Contrary to its slacker image, Generation X may ultimately prove
to be the most entrepreneurial generation in history. Surprised?
Don't be. As author Jennifer Kushell explains in No
Experience Necessary: The Young Entrepreneur's Guide to
Starting a Business (The Princeton Review, $12 paper), starting
a business while still in your teens or 20s isn't the anomaly
it once was. Indeed, statistics cited by Kushell in-dicate that
those 25 years old and younger launch businesses at the highest
rate in the nation.
As a Gen X entrepreneur herself (presiding over a membership
organization for young business owners), Kushell seeks to inspire
and inform others wishing to follow in her footsteps. "If you
look at the skills and experience that create a solid foundation
for entrepreneurship," Kushell says, "it is not uncommon
to find that younger people are probably the best equipped for
self-employment."
Which isn't to suggest that it's easy.

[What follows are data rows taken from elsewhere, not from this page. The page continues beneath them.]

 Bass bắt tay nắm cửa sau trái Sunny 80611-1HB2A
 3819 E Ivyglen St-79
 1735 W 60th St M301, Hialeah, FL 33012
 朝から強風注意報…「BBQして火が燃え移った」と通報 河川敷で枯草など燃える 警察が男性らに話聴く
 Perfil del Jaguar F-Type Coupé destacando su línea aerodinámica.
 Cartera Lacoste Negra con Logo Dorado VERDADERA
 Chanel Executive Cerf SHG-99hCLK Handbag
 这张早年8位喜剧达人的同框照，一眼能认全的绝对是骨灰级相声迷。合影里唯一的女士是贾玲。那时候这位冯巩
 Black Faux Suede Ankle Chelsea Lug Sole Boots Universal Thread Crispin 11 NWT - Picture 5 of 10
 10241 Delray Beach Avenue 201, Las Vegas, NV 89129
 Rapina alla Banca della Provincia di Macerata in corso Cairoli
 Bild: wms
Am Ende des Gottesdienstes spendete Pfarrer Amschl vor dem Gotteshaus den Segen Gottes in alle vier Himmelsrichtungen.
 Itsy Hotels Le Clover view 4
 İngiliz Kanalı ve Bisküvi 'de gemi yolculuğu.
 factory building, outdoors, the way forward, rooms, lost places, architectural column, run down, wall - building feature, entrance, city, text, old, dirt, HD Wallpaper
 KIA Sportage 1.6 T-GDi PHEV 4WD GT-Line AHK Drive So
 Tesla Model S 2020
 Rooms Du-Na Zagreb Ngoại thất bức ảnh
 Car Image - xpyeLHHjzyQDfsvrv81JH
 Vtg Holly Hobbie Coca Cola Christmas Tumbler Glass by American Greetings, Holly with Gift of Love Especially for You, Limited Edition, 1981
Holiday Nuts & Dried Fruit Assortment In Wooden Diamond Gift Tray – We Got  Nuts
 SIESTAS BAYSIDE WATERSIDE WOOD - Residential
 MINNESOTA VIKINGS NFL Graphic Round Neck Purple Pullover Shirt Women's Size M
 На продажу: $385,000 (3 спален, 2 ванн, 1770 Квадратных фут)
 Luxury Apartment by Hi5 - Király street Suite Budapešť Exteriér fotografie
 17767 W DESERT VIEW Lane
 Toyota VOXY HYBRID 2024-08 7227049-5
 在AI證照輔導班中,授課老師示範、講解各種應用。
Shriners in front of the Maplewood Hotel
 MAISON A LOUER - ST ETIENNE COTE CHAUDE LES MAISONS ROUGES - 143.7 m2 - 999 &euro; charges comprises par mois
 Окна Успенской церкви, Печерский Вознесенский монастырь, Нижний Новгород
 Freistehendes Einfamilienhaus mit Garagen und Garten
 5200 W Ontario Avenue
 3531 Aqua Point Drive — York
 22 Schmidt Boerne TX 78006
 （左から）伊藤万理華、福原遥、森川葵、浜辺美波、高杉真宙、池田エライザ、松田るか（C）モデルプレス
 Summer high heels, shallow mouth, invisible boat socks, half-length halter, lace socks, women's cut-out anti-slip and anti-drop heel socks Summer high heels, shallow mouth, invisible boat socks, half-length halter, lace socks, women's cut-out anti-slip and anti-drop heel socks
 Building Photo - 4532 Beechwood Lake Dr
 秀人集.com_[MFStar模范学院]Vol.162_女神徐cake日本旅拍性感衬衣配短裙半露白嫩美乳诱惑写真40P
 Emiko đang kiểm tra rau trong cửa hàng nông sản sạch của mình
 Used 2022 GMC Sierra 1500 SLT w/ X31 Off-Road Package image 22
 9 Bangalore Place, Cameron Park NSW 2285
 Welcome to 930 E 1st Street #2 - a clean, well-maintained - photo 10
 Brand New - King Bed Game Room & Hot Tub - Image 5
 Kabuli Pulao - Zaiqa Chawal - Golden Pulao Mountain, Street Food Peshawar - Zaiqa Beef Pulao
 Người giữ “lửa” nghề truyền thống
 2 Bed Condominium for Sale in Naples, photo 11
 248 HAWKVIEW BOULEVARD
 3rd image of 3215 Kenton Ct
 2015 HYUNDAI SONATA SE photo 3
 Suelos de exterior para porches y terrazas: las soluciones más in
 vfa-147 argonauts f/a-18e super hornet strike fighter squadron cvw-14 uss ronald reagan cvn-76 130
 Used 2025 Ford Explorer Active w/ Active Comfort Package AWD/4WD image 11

Prepare to
sacrifice; prepare to show initiative. "What you will read
here is what really happens to you, and what you really need to
know when you start a company," Kushell writes. "From
what I have seen, no other book has ever taught a young
entrepreneur how not to starve when they are broke, how not to get
carded while entertaining clients, and other very important, yet
seemingly trivial information about dealing with your life as a
business owner." Written in a straightforward style, No
Experience Necessary seeks to fill that gap.